Data for this task »
━━━━━━━━━━━━━━━━━━━━━━━━━━━━━━

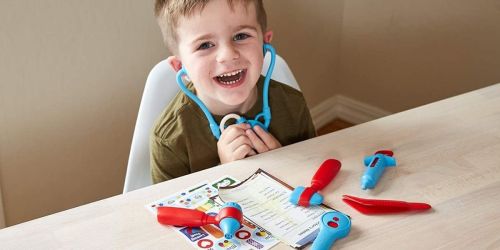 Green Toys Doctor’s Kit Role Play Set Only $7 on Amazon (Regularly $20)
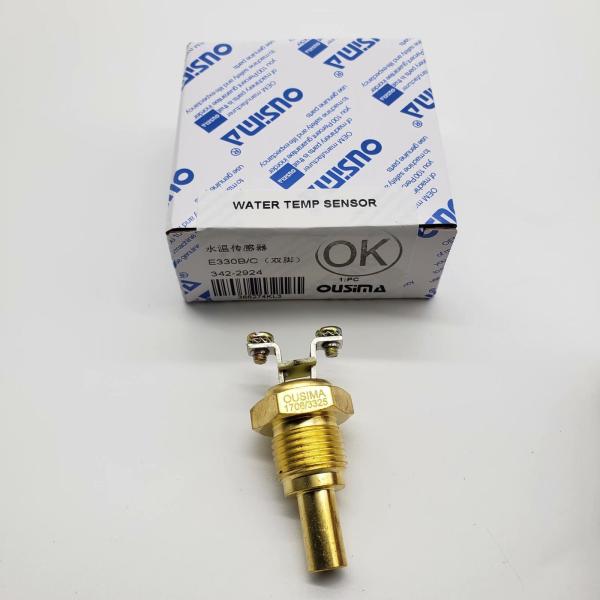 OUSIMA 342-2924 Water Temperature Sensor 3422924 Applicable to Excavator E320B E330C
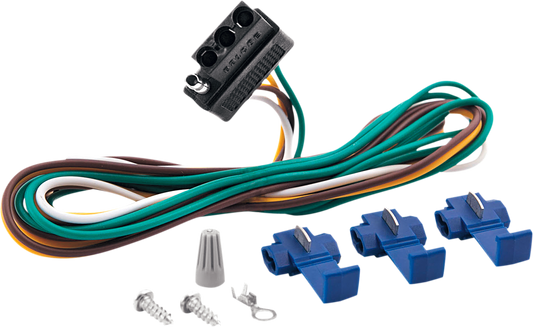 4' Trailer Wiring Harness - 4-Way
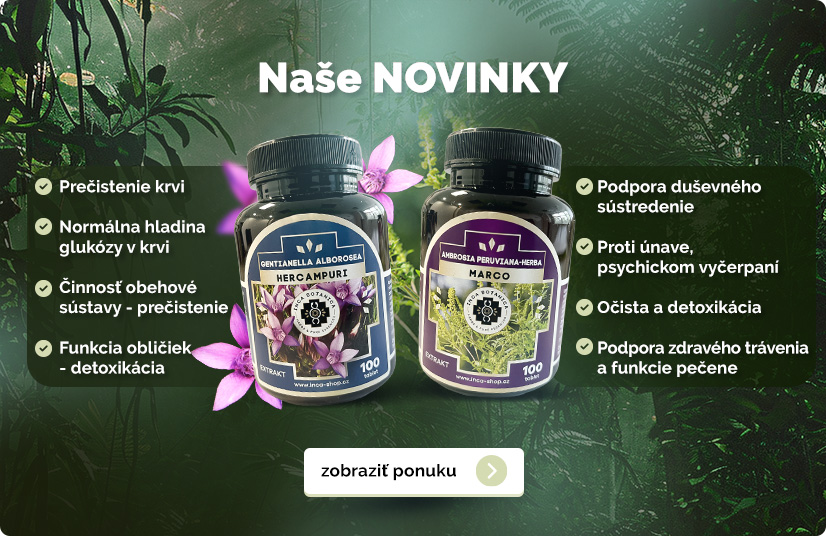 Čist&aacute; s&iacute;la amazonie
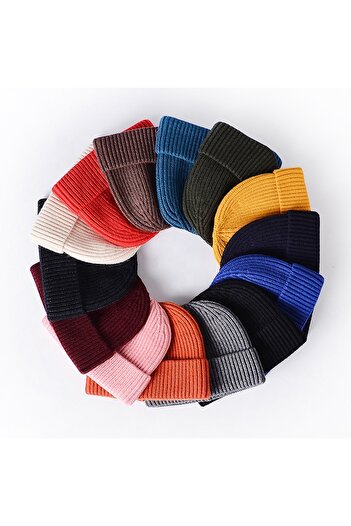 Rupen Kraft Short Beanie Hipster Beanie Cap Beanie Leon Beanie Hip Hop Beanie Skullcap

━━━━━━━━━━━━━━━━━━━━━━━━━━━━━━

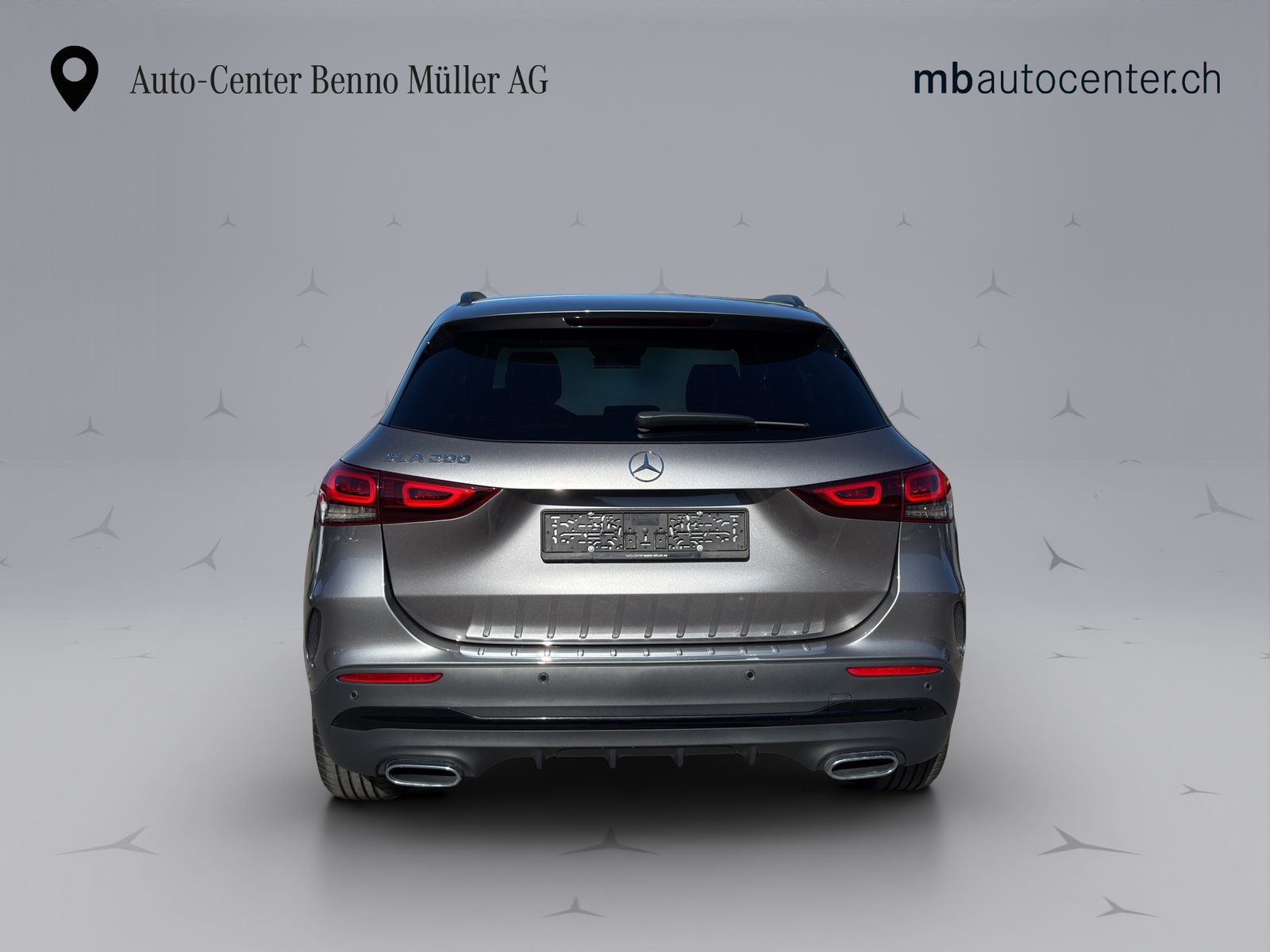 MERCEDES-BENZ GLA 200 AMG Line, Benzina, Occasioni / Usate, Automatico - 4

━━━━━━━━━━━━━━━━━━━━━━━━━━━━━━

Task directions »
Word for word, restate the lines above from the one with "Čist&aacute; s&iacute;la amazonie" through the one with "Rupen Kraft Short", keeping both ends and dropping the pictures.

Problem solution »
 Čist&aacute; s&iacute;la amazonie
 Rupen Kraft Short Beanie Hipster Beanie Cap Beanie Leon Beanie Hip Hop Beanie Skullcap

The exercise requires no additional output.